The Association of American Medical Colleges has published an article by a Wayne State University School of Medicine faculty member describing the birth of the school’s Healing Between the Lines curriculum on systemic inequities and how they lead to health disparities.
“The deadly legacy of redlining — and a mission to reverse it,” written by Ijeoma Nnodim Opara, M.D., assistant professor of Internal Medicine and Pediatrics, was published under the AAMC’s Viewpoints section on its website.
Redlining, begun in the 1930s, was the practice of identifying non-White populations as unworthy of mortgage loans. The practice, a systematic denial of services, resources and opportunities, and a basis for segregation, Dr. Opara writes, undermined the health and well-being of entire communities, and continues to do so to this day.
“Five to 15. Those were the figures that kept ringing in my ears as my chest tightened and hot tears welled up in my eyes. I was listening to my mentor at Wayne State University School of Medicine in Detroit share findings from their health equity research at a small meeting three years ago,” she writes. “… Black Detroiters die five to 15 years earlier than their White counterparts as a result of decades of structural racism that has denied resources and opportunities to Black communities. It hurt me to note that despite surviving such violence and upheaval as the transatlantic slave trade and Jim Crow segregation, my community in Detroit was dying prematurely due to the social pathology of multigenerational trauma and injustice.”
Rather than despair, Dr. Opara said she decided to leverage her position as a physician, medical educator and community organizer to create a curriculum that teaches medical students and residents about the impact of structural injustice on the health of Black Detroiters, and equip them with advocacy skills in a “community–academia collaboration that positioned community partners as the lead.”
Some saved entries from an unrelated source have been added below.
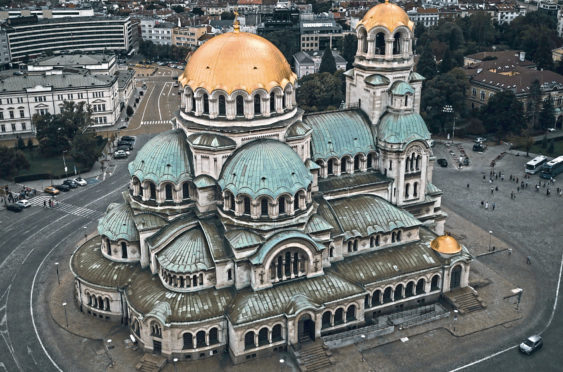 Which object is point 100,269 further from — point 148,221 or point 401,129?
point 401,129

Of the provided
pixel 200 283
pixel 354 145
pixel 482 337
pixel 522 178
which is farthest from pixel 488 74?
pixel 200 283

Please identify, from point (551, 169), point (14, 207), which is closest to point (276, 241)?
point (14, 207)

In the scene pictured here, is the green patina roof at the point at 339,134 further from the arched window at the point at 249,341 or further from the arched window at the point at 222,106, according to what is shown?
the arched window at the point at 249,341

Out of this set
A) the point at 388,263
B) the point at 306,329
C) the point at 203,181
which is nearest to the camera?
the point at 306,329

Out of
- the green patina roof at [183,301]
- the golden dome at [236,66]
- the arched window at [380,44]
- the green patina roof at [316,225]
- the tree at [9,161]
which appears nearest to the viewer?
the green patina roof at [183,301]

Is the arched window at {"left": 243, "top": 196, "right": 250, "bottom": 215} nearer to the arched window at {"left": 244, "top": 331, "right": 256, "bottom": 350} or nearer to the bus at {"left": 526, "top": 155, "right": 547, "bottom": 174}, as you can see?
the arched window at {"left": 244, "top": 331, "right": 256, "bottom": 350}

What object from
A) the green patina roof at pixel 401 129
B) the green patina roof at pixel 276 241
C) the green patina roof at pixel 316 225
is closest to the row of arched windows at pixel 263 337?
the green patina roof at pixel 276 241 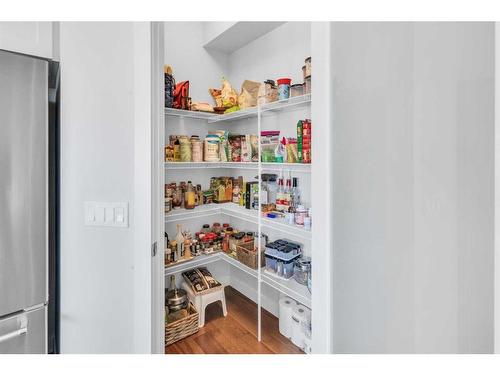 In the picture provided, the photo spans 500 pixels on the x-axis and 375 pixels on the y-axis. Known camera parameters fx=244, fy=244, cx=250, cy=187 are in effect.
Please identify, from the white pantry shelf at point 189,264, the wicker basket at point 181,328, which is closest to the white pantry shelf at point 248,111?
the white pantry shelf at point 189,264

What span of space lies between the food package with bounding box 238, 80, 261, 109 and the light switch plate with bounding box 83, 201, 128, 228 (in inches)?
49.8

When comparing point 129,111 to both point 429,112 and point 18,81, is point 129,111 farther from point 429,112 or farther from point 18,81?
point 429,112

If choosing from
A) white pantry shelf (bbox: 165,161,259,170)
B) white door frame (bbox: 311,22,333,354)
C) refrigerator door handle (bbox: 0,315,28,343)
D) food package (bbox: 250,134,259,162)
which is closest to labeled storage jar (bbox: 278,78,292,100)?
food package (bbox: 250,134,259,162)

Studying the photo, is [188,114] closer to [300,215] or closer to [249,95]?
[249,95]

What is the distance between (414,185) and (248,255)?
4.72 ft

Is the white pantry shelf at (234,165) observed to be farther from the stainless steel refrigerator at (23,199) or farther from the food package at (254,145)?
the stainless steel refrigerator at (23,199)

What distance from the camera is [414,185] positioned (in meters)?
0.55

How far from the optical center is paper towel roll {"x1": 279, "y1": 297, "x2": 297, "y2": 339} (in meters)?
1.67

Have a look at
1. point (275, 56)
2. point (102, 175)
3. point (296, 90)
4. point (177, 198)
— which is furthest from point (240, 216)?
point (275, 56)

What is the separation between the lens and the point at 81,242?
949mm

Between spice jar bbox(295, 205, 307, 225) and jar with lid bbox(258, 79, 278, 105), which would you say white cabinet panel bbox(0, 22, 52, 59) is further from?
spice jar bbox(295, 205, 307, 225)

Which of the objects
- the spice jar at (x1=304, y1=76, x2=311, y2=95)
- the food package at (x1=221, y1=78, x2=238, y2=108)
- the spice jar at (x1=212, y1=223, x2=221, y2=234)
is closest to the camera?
the spice jar at (x1=304, y1=76, x2=311, y2=95)

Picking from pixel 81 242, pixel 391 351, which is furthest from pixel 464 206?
pixel 81 242

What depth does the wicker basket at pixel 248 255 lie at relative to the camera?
71.1 inches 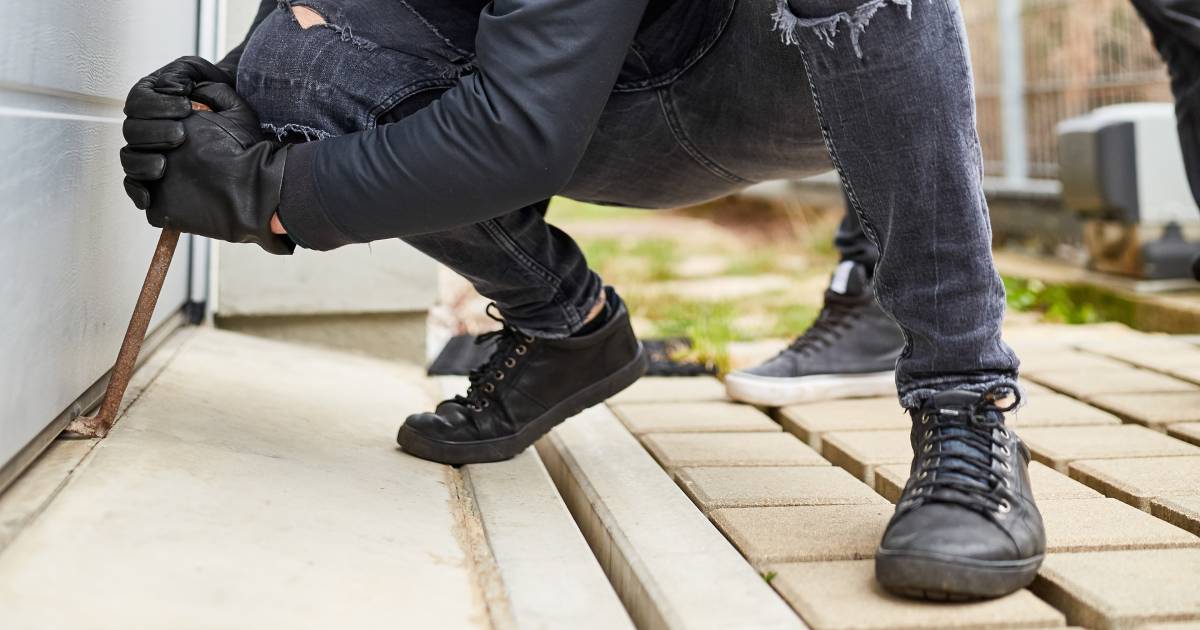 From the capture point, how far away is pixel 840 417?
2121mm

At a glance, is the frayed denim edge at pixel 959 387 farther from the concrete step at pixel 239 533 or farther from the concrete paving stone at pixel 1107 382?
the concrete paving stone at pixel 1107 382

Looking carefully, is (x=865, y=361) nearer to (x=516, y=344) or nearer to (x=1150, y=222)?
(x=516, y=344)

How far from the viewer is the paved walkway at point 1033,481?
1.18 metres

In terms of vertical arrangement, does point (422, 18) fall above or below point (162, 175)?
above

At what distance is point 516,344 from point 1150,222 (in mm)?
2792

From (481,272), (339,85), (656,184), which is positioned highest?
(339,85)

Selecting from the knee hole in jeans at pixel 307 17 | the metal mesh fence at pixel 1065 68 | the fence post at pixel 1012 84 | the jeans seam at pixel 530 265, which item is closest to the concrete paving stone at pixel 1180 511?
the jeans seam at pixel 530 265

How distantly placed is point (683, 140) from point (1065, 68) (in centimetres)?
414

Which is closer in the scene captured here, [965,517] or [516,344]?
[965,517]

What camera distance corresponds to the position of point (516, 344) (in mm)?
1787

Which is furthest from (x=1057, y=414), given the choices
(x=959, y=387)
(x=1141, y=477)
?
(x=959, y=387)

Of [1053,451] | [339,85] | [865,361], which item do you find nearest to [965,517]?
[1053,451]

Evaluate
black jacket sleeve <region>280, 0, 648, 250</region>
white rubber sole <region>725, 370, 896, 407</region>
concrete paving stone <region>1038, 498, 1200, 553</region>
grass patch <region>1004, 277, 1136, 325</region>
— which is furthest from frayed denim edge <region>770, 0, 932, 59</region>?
grass patch <region>1004, 277, 1136, 325</region>

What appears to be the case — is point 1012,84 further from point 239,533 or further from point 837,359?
point 239,533
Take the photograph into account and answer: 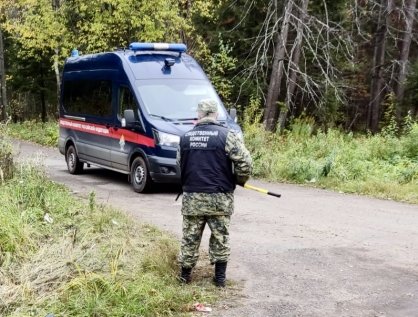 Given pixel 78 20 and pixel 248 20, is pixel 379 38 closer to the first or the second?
pixel 248 20

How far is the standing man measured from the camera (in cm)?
554

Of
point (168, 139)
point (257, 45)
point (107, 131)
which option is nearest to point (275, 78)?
point (257, 45)

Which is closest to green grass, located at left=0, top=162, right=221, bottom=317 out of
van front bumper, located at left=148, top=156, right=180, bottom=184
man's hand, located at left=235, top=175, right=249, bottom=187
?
man's hand, located at left=235, top=175, right=249, bottom=187

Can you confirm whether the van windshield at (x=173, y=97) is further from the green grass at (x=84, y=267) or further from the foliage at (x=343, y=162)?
the green grass at (x=84, y=267)

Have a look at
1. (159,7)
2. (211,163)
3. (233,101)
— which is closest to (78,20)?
(159,7)

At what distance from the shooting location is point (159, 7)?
20.2m

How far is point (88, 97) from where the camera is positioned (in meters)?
13.1

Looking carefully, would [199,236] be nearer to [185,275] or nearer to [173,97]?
[185,275]

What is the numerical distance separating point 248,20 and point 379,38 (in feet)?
32.7

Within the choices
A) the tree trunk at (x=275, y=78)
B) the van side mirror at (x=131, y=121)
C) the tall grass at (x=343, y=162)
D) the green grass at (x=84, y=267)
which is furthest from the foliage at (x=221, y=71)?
the green grass at (x=84, y=267)

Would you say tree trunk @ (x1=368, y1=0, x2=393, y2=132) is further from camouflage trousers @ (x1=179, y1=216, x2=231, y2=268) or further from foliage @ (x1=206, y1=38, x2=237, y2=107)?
camouflage trousers @ (x1=179, y1=216, x2=231, y2=268)

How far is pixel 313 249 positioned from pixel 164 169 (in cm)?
416

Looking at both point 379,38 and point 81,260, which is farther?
point 379,38

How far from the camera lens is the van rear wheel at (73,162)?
13.9 m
She, along with a group of trainees, community leaders and faculty, developed the course, in which the legacy of redlining was identified as a “critical driver” of the lifespan gap in Detroit. Healing Between the Lines was launched in the winter of 2020.
One legacy of redlining: When it comes to health, your ZIP code matters more than your genetic code, Dr. Opara noted. Those who live in redlined areas today experience not just health disparities, but generational poverty, increased stress and mental illness, and more engagement with the criminal justice system. They suffer higher rates of diabetes and increased morbidity from infectious diseases like COVID-19, and higher rates of heart failure.
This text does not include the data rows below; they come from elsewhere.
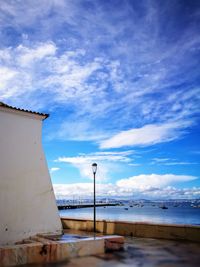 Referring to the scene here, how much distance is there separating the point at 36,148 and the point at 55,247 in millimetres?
5529

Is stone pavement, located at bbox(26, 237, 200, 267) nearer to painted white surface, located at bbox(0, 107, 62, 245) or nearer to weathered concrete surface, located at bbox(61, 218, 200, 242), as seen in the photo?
weathered concrete surface, located at bbox(61, 218, 200, 242)

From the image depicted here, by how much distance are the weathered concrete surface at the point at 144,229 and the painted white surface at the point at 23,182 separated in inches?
116

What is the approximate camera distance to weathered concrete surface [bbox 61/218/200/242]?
12188 mm

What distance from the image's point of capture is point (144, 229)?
44.6 feet

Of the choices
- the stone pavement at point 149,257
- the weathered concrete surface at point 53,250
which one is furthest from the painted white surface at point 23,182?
the stone pavement at point 149,257

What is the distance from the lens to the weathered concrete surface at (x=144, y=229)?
12188mm

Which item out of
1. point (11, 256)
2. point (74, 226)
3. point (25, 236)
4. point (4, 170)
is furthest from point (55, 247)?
point (74, 226)

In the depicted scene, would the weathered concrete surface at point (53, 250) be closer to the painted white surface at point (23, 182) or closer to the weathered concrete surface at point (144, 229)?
the painted white surface at point (23, 182)

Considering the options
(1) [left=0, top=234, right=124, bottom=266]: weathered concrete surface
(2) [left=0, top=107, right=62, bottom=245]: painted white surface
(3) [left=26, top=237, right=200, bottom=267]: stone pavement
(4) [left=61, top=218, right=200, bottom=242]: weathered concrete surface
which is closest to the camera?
(1) [left=0, top=234, right=124, bottom=266]: weathered concrete surface

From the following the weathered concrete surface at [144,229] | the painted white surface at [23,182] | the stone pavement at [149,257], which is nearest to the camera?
the stone pavement at [149,257]

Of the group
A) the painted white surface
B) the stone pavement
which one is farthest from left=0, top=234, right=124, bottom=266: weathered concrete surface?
the painted white surface

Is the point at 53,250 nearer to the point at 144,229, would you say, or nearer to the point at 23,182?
the point at 23,182

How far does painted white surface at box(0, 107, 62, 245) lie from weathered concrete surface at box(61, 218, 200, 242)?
2.94 metres

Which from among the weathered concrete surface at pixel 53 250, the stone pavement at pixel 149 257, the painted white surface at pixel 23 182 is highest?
the painted white surface at pixel 23 182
“If physicians are going to improve the health of all, they need to be trained in structural competency,” Dr. Opara writes. “That is, they need to understand how health conditions and behaviors are the downstream consequences of such upstream determinants as laws, policies and regulations.”
That was the philosophy behind Healing Between the Lines, co-created with Selena Rodriguez, M.D., and medical students Cedric Mutebi, Capricia Bell and Taylor Barrow. Dr. Bell has since graduated medical school.
Course participants meet two hours every other week for six months. They study historical eras and efforts designed to curtail the power of formerly enslaved people. They then spend two months learning community activism and partnership skills, cultivating cultural humility by adopting a posture of open-mindedness and life-long learning. Their last two months are spent learning to identify multidisciplinary and community collaborators and building coalitions.
Healing Between the Lines creators have presented their work at local and national conferences. Plans are underway to assist other interested institutions in developing similar programs and curriculum.
“This is the work we believe is critical if we are to close the unjust five- to 15-year racial lifespan gap in Detroit,” Dr. Opara writes. “This is what is critical to training and developing our current and future health care workforce if we are to achieve health equity and justice in our nation. This is what is critical if we are to transform a longstanding American nightmare into the American dream in which anyone — regardless of their race, gender, class or ability — can live their healthiest and best possible lives.”